[YOUR GOAL] All records must be quoted exactly. Omit the pictures.

(Source records)
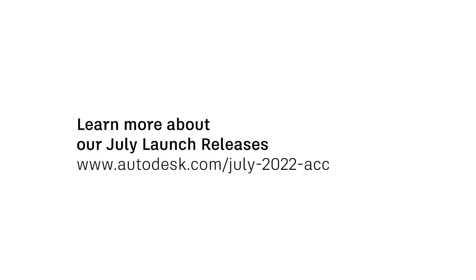To see more of ACC's July releases or to learn more about these three specifically, visit the blog linked below.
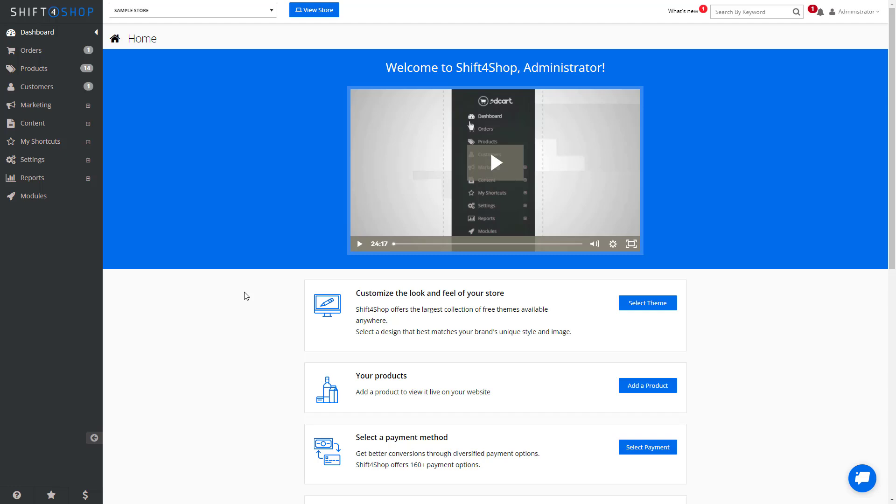Shift4Shop has an integrated email marketing system, meaning you don't need to use a third-party system to send newsletters out to your customers. So let's see how to go about setting that up.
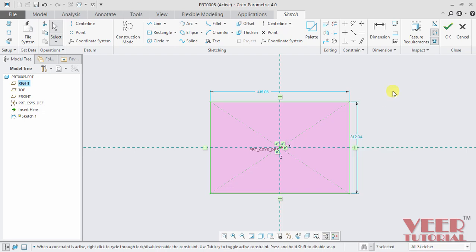So what are these weak and strong dimensions? Weak dimensions are those dimensions that are automatically created by the software. These are random dimensions.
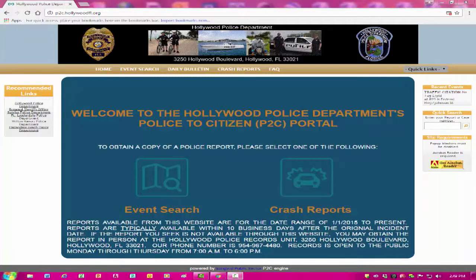Once you are in Google Chrome, go to p2c.hollywoodfl.org to access the site.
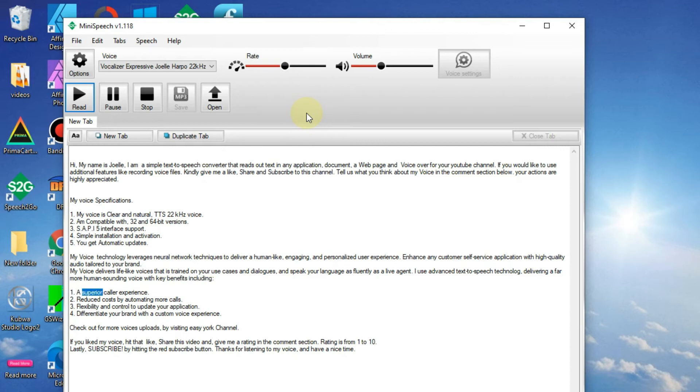1. A superior caller experience. 2. Reduced costs by automating more calls.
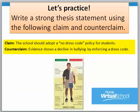Here's another example for you to practice writing a thesis statement on your own. The claim is 'the school should adopt a no dress code policy for students,' and the counterclaim is 'evidence shows a decline in bullying by enforcing a dress code.' Go ahead and practice writing your thesis statement combining both the claim and counterclaim into one sentence.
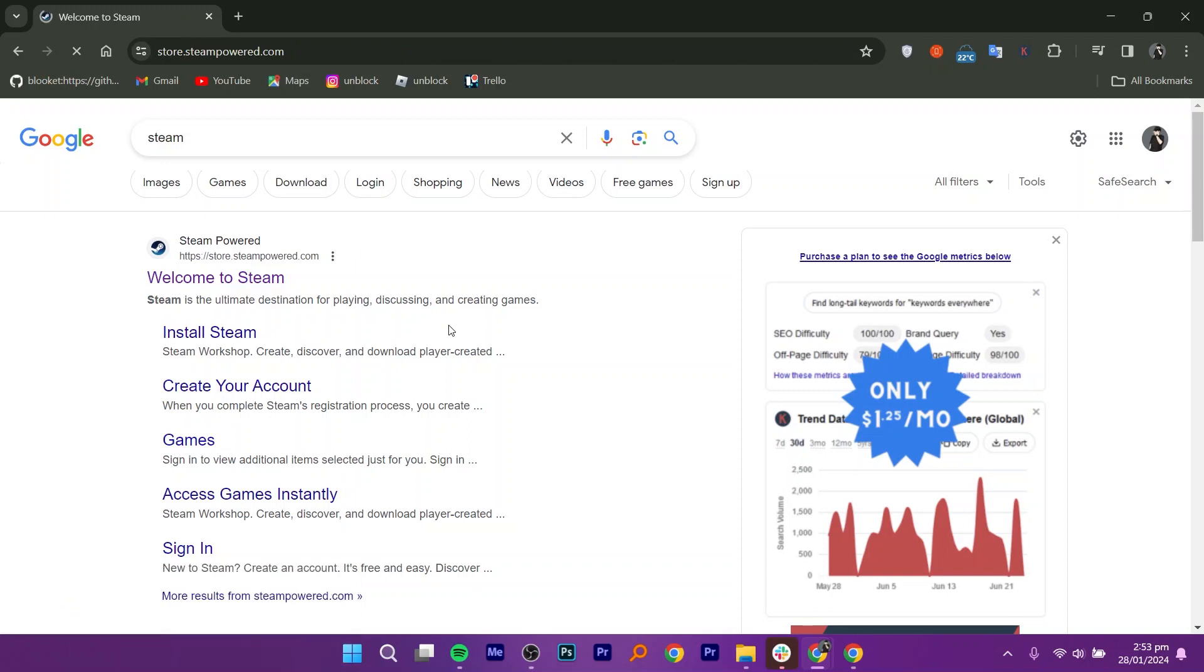First, go to Google Chrome and type in Steam. Click on the very first option on the screen.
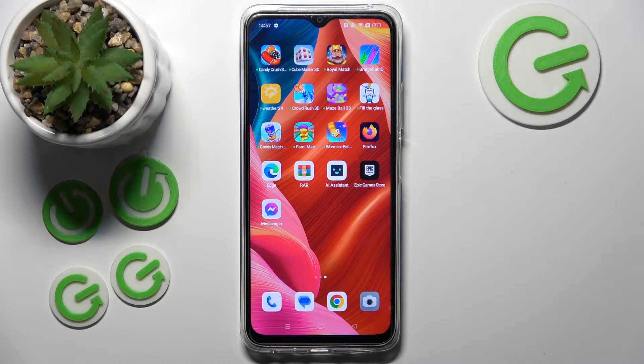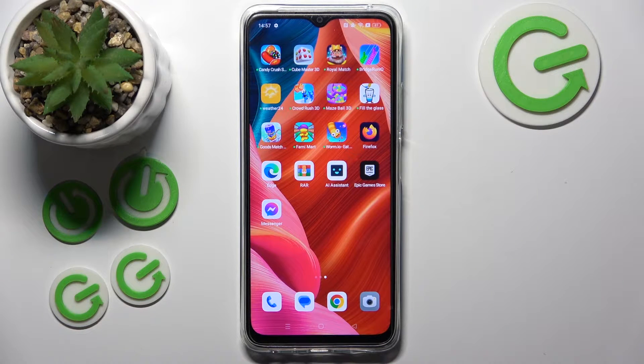Hello, in this video I will show you how to enable messenger chat heads on OPPO A38.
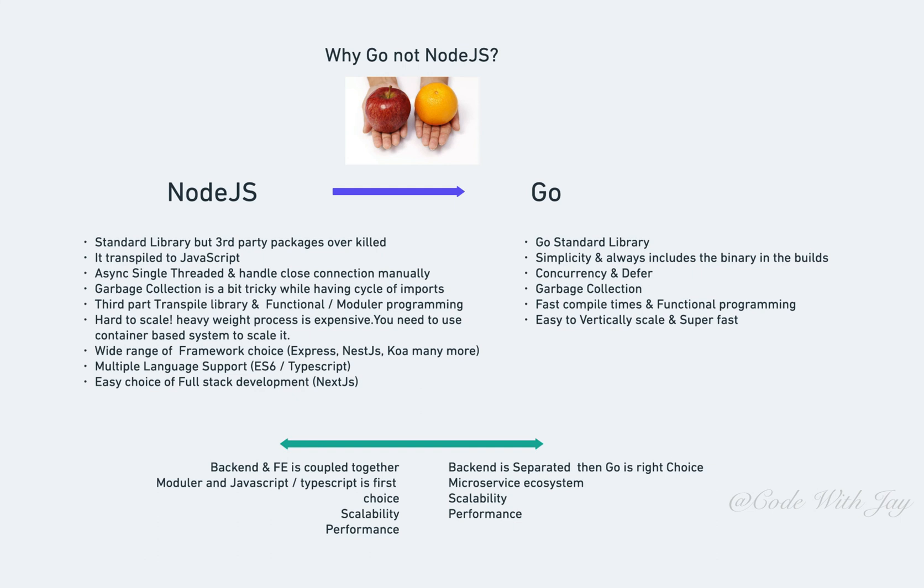Go has wonderful concurrency where you can get the benefit of multi-core CPUs and run concurrent tasks, especially the defer keyword, which helps you close open connections or clean up functions. While you're running certain operations, you don't need to worry about cleanup—you can use the defer keyword to clean up the whole thing. Go has a beautiful functional programming paradigm. When it comes to scalability, Go is extremely easy to vertically scale and is super fast.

[YOUR RESPONSE]
To see more of ACC's July releases or to learn more about these three specifically, visit the blog linked below.
Shift4Shop has an integrated email marketing system, meaning you don't need to use a third-party system to send newsletters out to your customers. So let's see how to go about setting that up.
So what are these weak and strong dimensions? Weak dimensions are those dimensions that are automatically created by the software. These are random dimensions.
Once you are in Google Chrome, go to p2c.hollywoodfl.org to access the site.
1. A superior caller experience. 2. Reduced costs by automating more calls.
Here's another example for you to practice writing a thesis statement on your own. The claim is 'the school should adopt a no dress code policy for students,' and the counterclaim is 'evidence shows a decline in bullying by enforcing a dress code.' Go ahead and practice writing your thesis statement combining both the claim and counterclaim into one sentence.
First, go to Google Chrome and type in Steam. Click on the very first option on the screen.
Hello, in this video I will show you how to enable messenger chat heads on OPPO A38.
Go has wonderful concurrency where you can get the benefit of multi-core CPUs and run concurrent tasks, especially the defer keyword, which helps you close open connections or clean up functions. While you're running certain operations, you don't need to worry about cleanup—you can use the defer keyword to clean up the whole thing. Go has a beautiful functional programming paradigm. When it comes to scalability, Go is extremely easy to vertically scale and is super fast.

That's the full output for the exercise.